§ WORK INSTRUCTIONS: List every line below containing "Street".

DATA FOR REVIEW section start

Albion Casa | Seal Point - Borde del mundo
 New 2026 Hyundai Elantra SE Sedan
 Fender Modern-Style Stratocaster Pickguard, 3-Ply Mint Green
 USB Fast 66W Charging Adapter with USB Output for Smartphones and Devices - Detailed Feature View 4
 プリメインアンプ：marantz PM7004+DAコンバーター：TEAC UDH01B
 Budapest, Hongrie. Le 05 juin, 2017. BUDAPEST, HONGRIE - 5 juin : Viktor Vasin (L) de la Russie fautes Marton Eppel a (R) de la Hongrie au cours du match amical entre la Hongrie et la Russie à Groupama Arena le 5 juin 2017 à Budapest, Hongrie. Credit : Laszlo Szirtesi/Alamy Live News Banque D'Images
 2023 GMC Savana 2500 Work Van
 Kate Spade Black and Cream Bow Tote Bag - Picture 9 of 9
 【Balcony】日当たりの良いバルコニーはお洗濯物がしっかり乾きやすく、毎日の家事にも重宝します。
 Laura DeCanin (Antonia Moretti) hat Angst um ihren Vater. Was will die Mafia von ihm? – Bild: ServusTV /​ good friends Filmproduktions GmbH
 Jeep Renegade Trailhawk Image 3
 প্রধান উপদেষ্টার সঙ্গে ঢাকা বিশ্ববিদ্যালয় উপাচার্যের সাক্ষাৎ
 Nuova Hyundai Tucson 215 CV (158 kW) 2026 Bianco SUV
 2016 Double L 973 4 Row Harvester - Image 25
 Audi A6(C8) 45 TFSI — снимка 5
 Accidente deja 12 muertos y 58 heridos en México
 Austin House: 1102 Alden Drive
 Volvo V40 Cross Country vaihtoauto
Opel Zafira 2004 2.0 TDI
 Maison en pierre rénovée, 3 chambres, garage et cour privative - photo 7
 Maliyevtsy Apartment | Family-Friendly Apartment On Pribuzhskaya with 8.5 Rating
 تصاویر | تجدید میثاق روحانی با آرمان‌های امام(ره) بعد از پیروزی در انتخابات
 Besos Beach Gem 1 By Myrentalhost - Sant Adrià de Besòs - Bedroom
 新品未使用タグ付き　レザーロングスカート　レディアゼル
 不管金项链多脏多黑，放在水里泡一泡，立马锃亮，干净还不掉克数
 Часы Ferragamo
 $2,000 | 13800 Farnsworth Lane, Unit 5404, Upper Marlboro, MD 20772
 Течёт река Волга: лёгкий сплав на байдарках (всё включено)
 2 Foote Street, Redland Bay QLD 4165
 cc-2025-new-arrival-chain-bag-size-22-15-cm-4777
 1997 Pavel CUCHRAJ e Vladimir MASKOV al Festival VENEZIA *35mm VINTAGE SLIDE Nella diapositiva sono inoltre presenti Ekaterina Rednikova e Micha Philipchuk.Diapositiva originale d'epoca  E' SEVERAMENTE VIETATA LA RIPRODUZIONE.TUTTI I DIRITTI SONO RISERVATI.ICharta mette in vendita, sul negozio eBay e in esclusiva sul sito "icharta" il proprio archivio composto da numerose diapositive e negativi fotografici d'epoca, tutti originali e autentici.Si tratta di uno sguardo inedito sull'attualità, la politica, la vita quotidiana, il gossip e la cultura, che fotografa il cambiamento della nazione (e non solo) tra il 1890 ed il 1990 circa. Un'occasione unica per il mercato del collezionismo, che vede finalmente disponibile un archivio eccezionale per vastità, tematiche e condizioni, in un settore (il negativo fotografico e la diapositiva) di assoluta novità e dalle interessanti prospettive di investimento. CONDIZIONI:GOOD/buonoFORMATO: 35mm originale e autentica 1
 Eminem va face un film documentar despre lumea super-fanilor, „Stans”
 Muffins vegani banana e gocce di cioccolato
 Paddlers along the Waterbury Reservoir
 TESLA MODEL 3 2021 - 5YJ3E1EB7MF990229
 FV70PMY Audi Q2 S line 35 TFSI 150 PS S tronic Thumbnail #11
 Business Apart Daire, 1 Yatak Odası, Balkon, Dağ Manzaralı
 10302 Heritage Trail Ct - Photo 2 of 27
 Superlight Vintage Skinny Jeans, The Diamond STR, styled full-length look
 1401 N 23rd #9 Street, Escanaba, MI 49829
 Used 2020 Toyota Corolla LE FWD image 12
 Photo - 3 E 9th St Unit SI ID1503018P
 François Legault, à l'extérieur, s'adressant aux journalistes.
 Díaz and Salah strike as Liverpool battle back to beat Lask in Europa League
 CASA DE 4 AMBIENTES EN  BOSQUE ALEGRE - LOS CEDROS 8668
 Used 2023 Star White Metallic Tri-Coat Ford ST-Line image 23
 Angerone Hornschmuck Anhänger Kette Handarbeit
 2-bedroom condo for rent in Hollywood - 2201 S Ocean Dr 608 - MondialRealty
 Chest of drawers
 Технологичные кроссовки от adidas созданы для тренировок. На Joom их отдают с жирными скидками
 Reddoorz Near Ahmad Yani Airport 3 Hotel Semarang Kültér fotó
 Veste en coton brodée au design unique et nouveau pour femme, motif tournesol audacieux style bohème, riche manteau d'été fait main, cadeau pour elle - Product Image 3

DATA FOR REVIEW section end

§ TASK ANSWER:
 2 Foote Street, Redland Bay QLD 4165
 1401 N 23rd #9 Street, Escanaba, MI 49829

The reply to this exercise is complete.